» Exercise brief:
Return the data below exactly, but only from the line containing "THE YOn(ザヨン)の「" through the line containing "Kabel – Bild 5", with both of those lines included.

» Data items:
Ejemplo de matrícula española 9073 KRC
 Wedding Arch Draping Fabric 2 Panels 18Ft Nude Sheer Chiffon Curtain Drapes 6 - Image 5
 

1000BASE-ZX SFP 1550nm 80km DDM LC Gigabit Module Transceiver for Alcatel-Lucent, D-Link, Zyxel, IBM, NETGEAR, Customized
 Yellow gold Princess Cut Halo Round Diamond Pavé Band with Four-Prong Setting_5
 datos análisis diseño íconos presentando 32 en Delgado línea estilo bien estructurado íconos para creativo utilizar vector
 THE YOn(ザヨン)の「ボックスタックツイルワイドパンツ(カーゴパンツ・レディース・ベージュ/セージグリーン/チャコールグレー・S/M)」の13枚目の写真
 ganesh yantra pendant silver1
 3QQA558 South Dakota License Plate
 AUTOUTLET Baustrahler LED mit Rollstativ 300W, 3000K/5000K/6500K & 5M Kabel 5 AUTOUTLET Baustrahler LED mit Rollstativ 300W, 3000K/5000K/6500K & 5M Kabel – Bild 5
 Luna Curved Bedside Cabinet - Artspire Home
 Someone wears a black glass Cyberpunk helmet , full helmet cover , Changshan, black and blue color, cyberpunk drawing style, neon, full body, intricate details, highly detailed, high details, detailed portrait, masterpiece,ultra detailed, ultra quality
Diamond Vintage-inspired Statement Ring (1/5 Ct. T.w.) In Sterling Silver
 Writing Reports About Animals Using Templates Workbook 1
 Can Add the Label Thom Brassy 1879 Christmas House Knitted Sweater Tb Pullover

» Task response:
 THE YOn(ザヨン)の「ボックスタックツイルワイドパンツ(カーゴパンツ・レディース・ベージュ/セージグリーン/チャコールグレー・S/M)」の13枚目の写真
 ganesh yantra pendant silver1
 3QQA558 South Dakota License Plate
 AUTOUTLET Baustrahler LED mit Rollstativ 300W, 3000K/5000K/6500K & 5M Kabel 5 AUTOUTLET Baustrahler LED mit Rollstativ 300W, 3000K/5000K/6500K & 5M Kabel – Bild 5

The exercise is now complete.